India and Appalachia Coal Community Exchange: Day One

India Delegation in Appalachia

"I feel at home."

This was Vaishili Patil's message to our hosts in Fayetteville, West Virginia during a gathering of shared stories and strategies between activists organizing against mountaintop removal coal mining in Appalachia and activists working to protect communities from dangerous coal projects in India. For Vaishili, the forests, streams, and waterfalls surrounding us reminded her of the Konkan Coast, a small strip of land where local residents are fighting 19 proposed power projects, including 16 coal plants, and what will be the world's largest nuclear plant, in a struggle to preserve their communities, health, and way of life.

The scenery was not the only thing that made Vaishili and the rest of the Indian delegation feel at home. Just as the Americans in the room came from many different backgrounds and places, our partners in India hailed from across their country and became activists through their own unique paths.

Amulya and Andrew immediately clicked, and spent most of dinner comparing the large community movements of West Virginia and Orissa. Both face an uphill battle to engage residents in the face of intimidation and harassment. But no amount of interference can cover up the fact that overburden from mines and coal ash from power plants are literally poisoning the people they work with, both in India and Appalachia.

India and Appalachia

Bill and Shankar worked for industry and the government before devoting themselves to protecting people from their former employers.
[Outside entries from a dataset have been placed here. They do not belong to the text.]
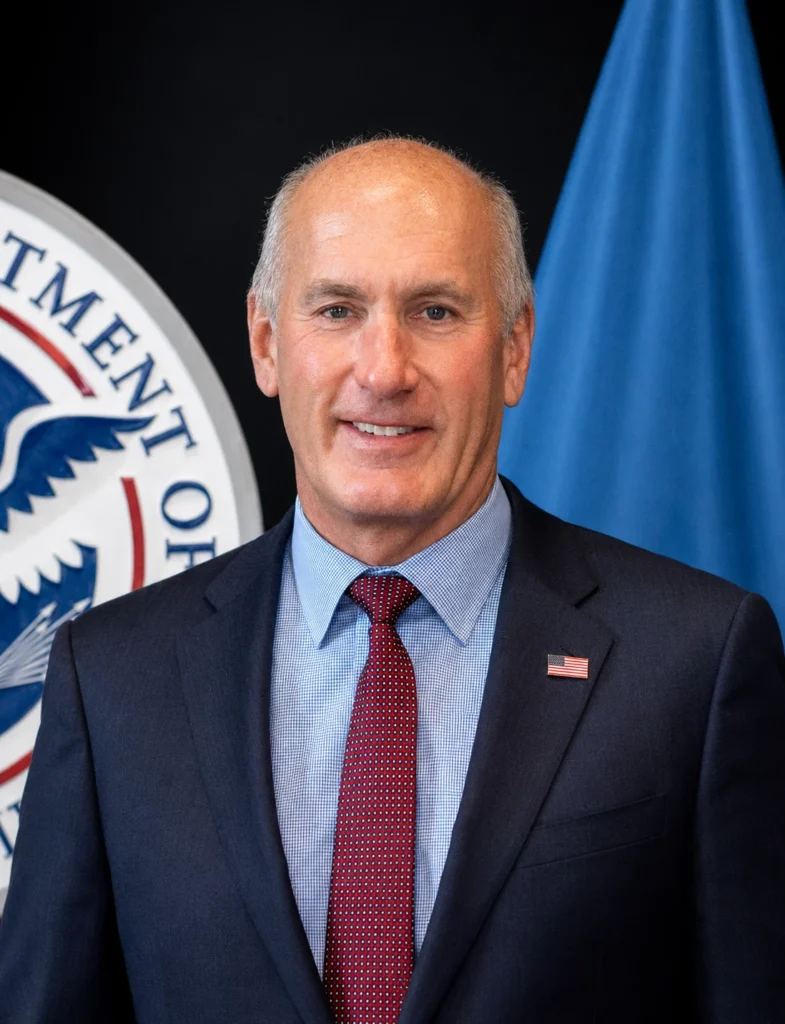 John Stankey, Connectivity Strategy Reshaping AT&T for the Next Generation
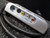 Hitachi LCD & Plasma TV Side Input Module EW08352 for 32LD7800TA, 32PD7800TA, 42PD7800TA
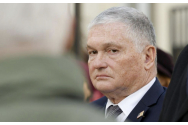 Fostul ambasador al SUA, Adrian Zuckerman: Decizia CCR e foarte bună. A salvat România de la ruși!
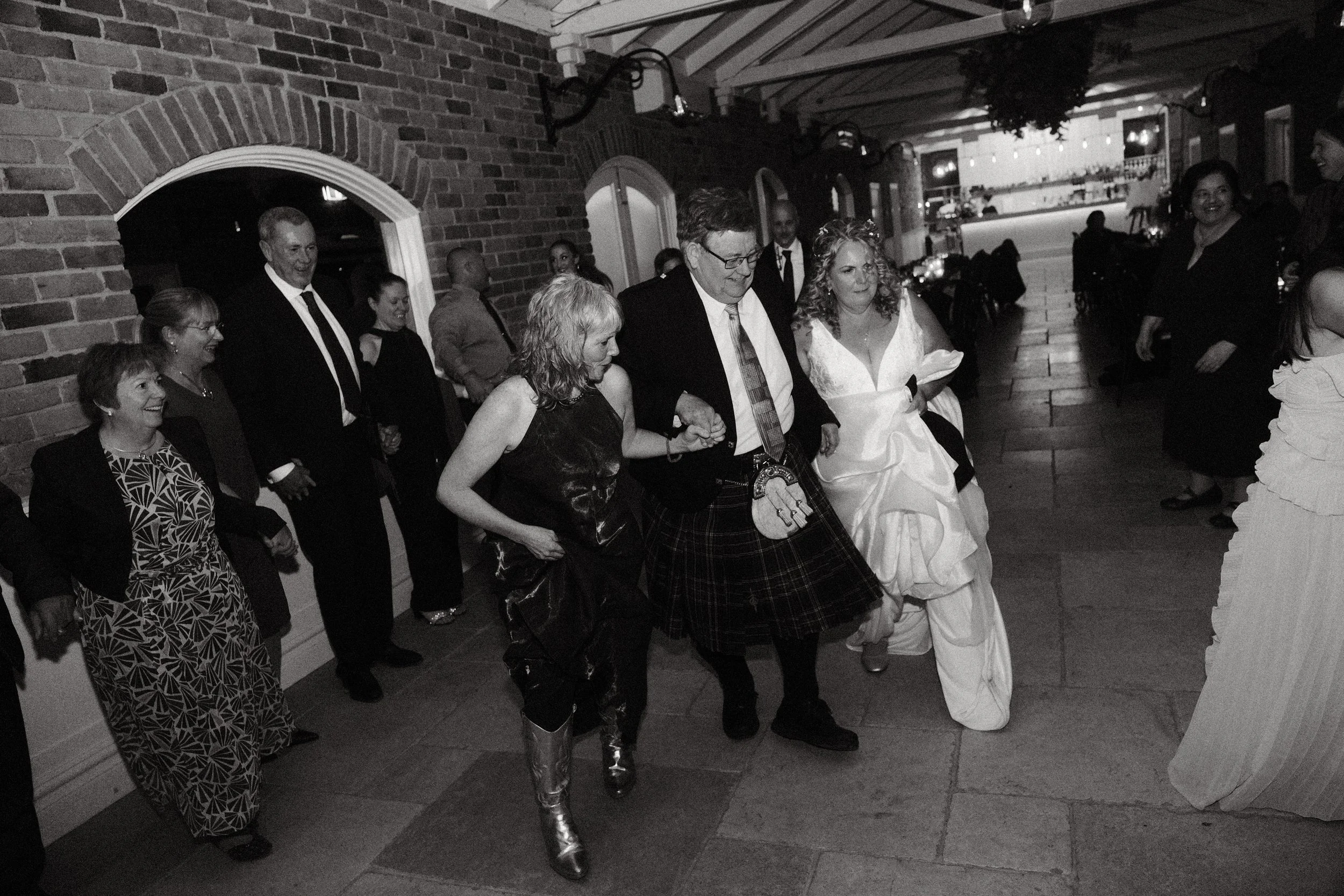 Dance - Heidi & Hakan_15.08.2026 17.jpg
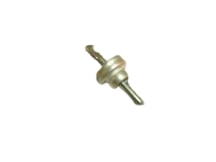 SCI-54-794-009-470M by API TECHNOLOGIES CORP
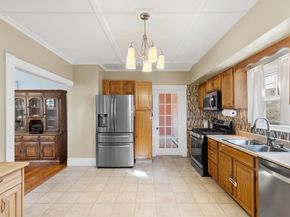 58 Atkins Ave, Lynn MA 01904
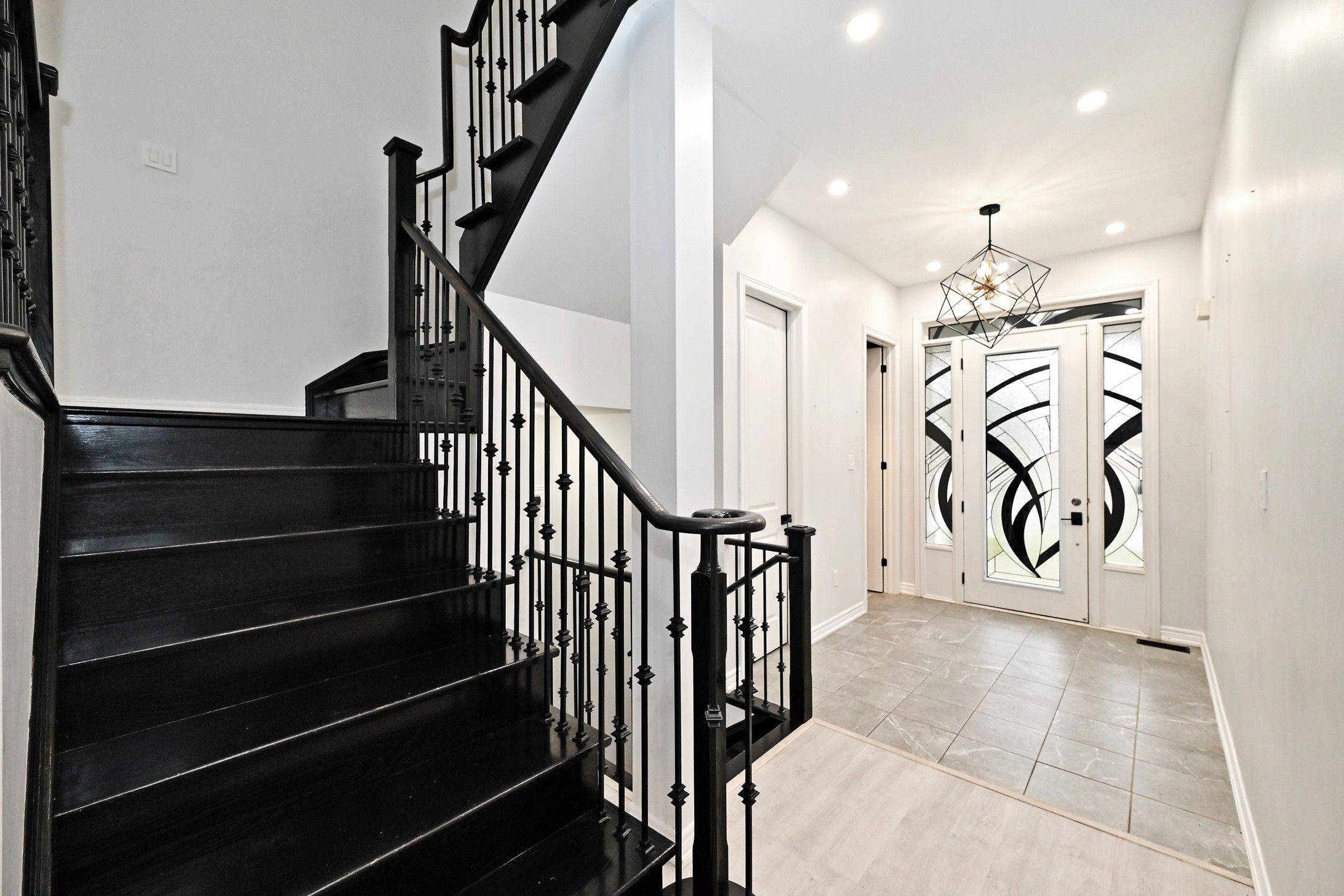 Whitby, ON L1P 0J4,133 Auckland DR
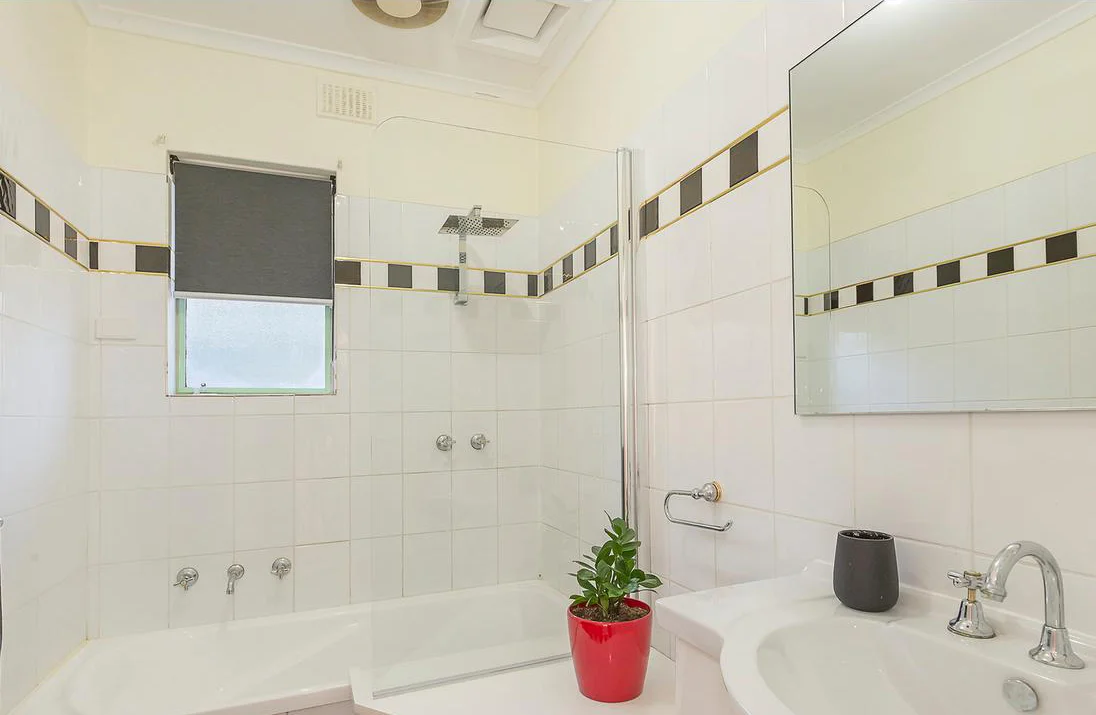 Additional image 11 of 5 Parslow Rd, Para Hills SA 5096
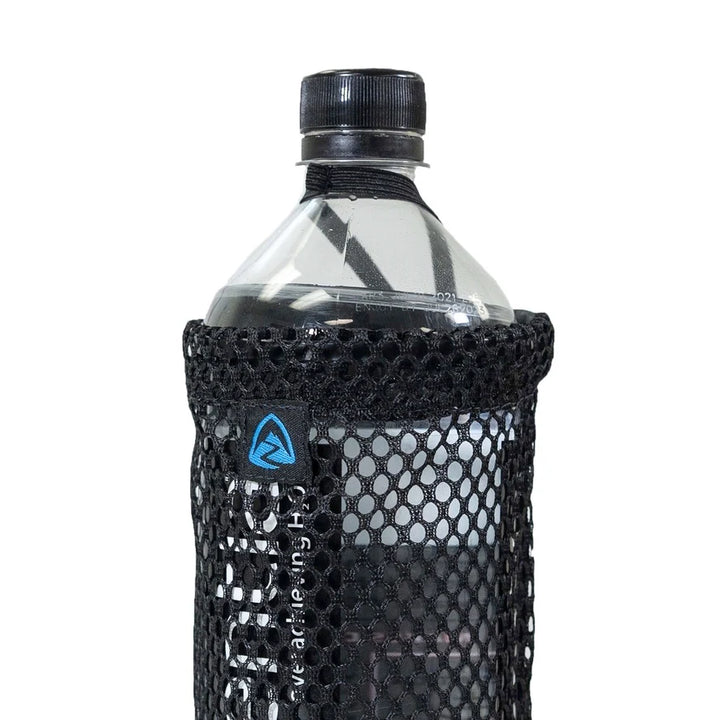 Zpacks Shoulder Strap Water Bottle Sleeve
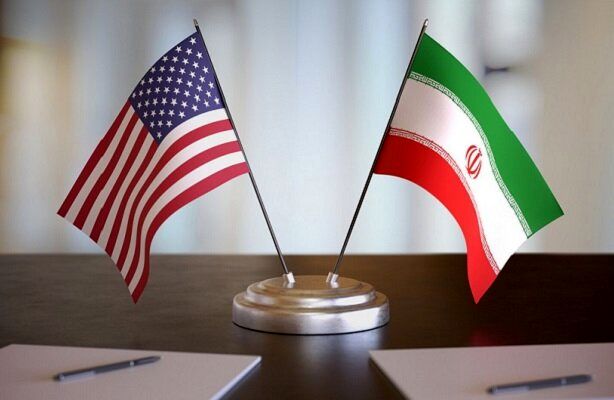 مذاکرات ایران و آمریکا با تاخیر برگزار می‌شود؟/ این مرد به تیم دیپلماسی ایران اضافه شد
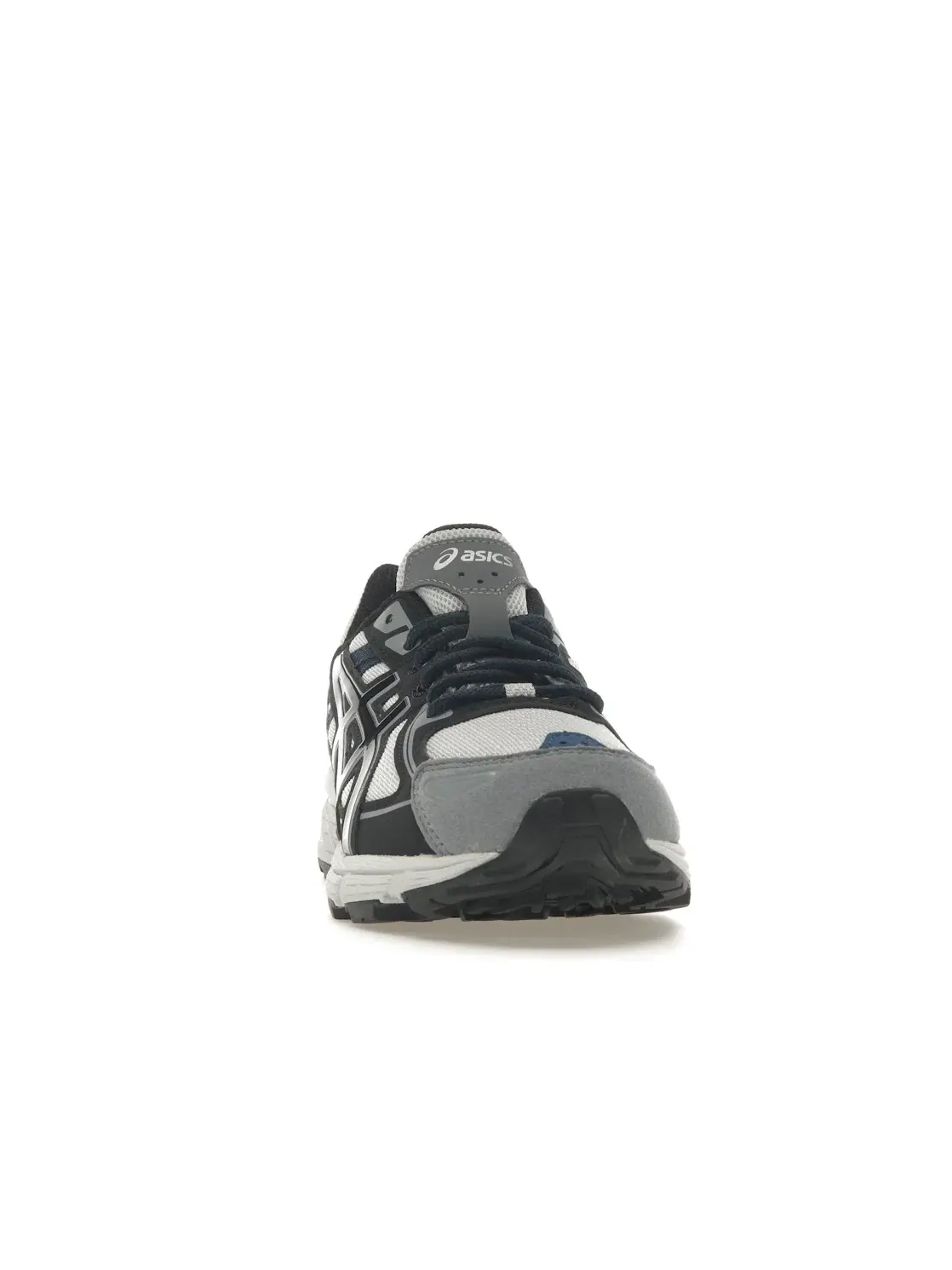 Мужские кроссовки Lifestyle ASICS Gel-Venture 6 SPS — изображение 2 из 4, серый/черный
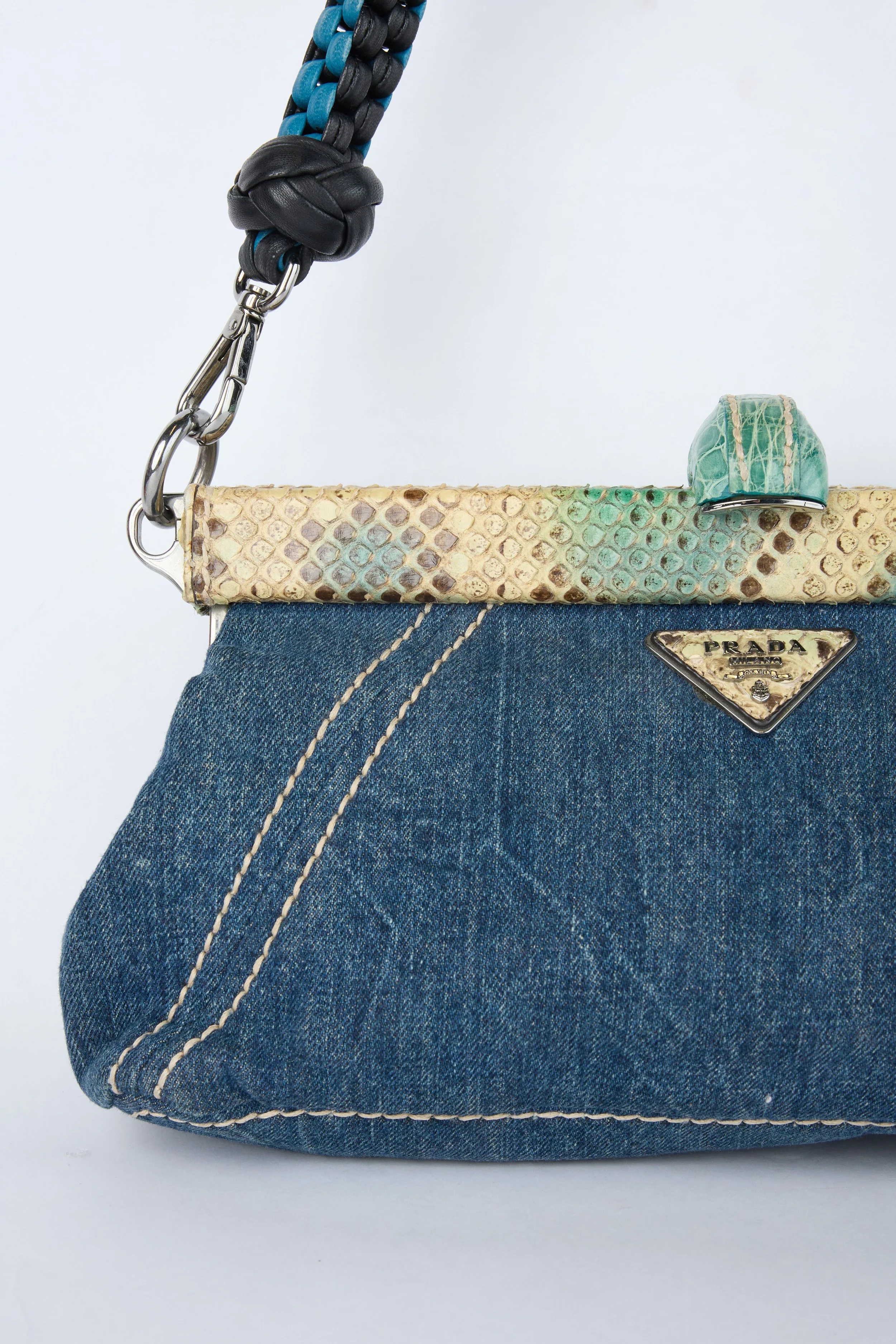 3Sisters_Feb 12 2026 - 145.jpg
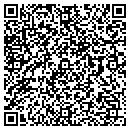 QR code with Vikon Realty contacts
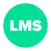 LMS Green Button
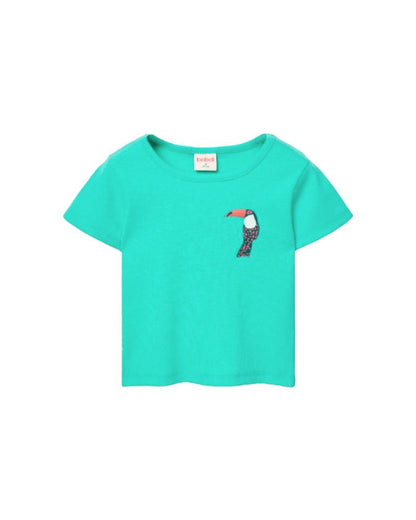 1-boboli-tee-shirt-copie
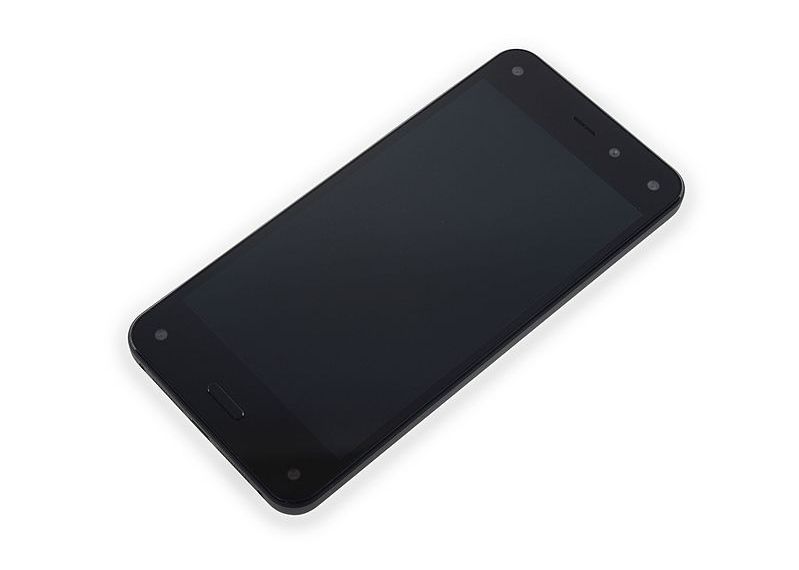 Amazon Lanseaza Un Nou Brand De Smartphone Pretul Incredibil Pe Care Il Vor Avea Telefoanele Ice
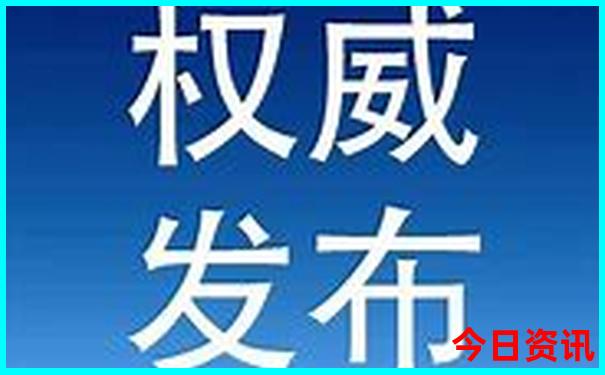 番禺附近有什么好玩的地方景点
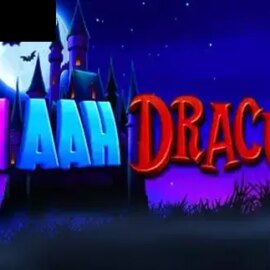 Ooh Aah Dracula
For Shankar, the turning point came when he could no longer ignore that coal would not bring the economic development promised by the industry. From his role in government, he saw firsthand that fixing inefficiencies in the power sector -- and not developing new coal projects that displace thousands and render land useless -- was the only way to electrify his country. Bill's conversion was a bit more dramatic. He was raised in a coal family in Appalachia, and worked in the industry. But after his house flooded due to MTR mining, he began questioning coal company practices, prompting difficulties at work and becoming a full-time activist against the very industry that formerly fed him.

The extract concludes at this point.